Un toit


 

Je me couche à côté d'Ernest, dans le livre.
Je sais que pour lui il n'est plus temps de sortir. Il avait d'ailleurs pris les devants il y a quelques jours, en rentrant, laissant l'histoire de Corrine suspendue (car elle est ainsi, il la découvre, la vie du voyageur). Et d'ailleurs, de mon côté, maintenant que j'ai achevé la lecture de son livre, je ne lui donnerai plus l'occasion de sortir car je ne m'endormirai plus le livre ouvert entre mes mains. Il ne sera plus tenté de sortir pour être un autre, vivre l'histoire d'un autre. Il est pleinement à la sienne. Il en détient toutes les possibilités, il en est le gardien. Il se prêtera à d'autres vies sans avoir à en prendre lui-même les risques. Il les a déjà tous assumés, pour tout le monde, sa mort à lui y est déjà contenue. Quiconque l'empruntera, fera un bout de route avec lui, ne sera pas déçu. Il peut être un ami, un amant, un père, un frère, sans aucune réserve.

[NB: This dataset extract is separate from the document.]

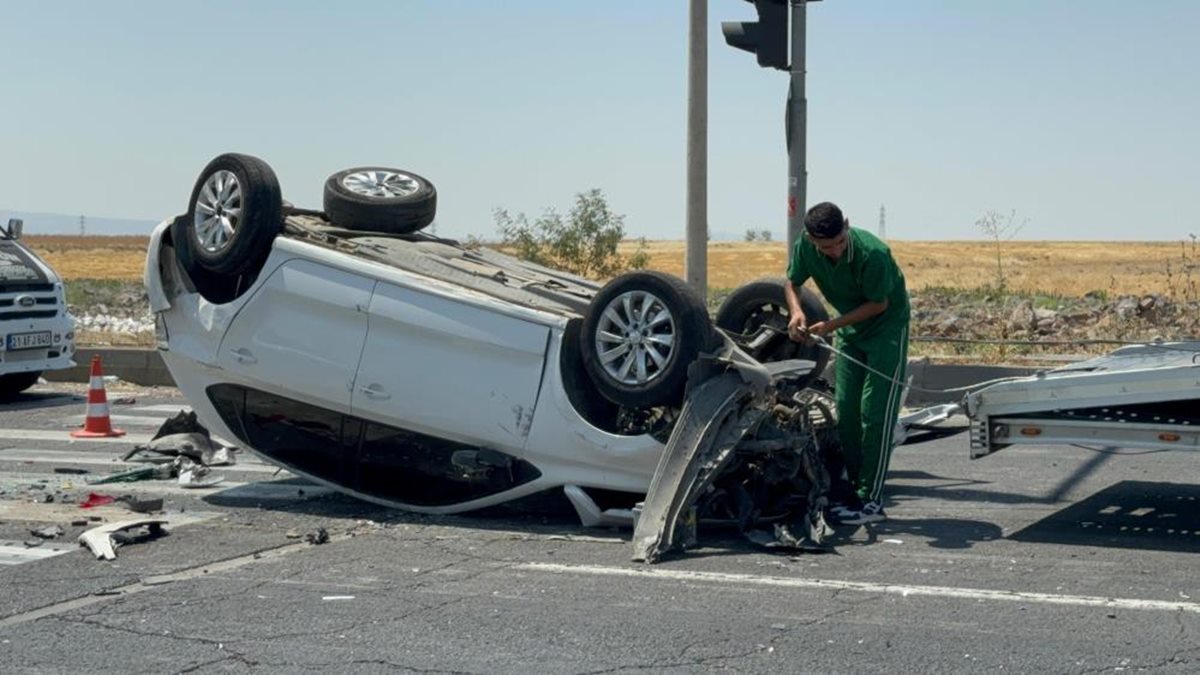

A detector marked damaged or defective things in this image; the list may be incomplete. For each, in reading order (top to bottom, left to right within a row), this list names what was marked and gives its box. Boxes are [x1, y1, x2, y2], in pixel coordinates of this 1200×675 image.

overturned white car [147, 152, 844, 557]
damaged front end [633, 333, 840, 559]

Ce soir je vais dormir à son côté, combler cette frustration soudaine du compagnonnage brusquement interrompu. Je sais qu'il a rejoint sa crypte profonde, tranquille, typographique, qu'il ne pourra pas m'ouvrir pour que j'entre à sa suite comme un naïf compagnon plein de curiosité. Mais je vais y aller en rêve, à mon tour m'échapper de mon toit pour aller sous le sien, contempler ses étoiles.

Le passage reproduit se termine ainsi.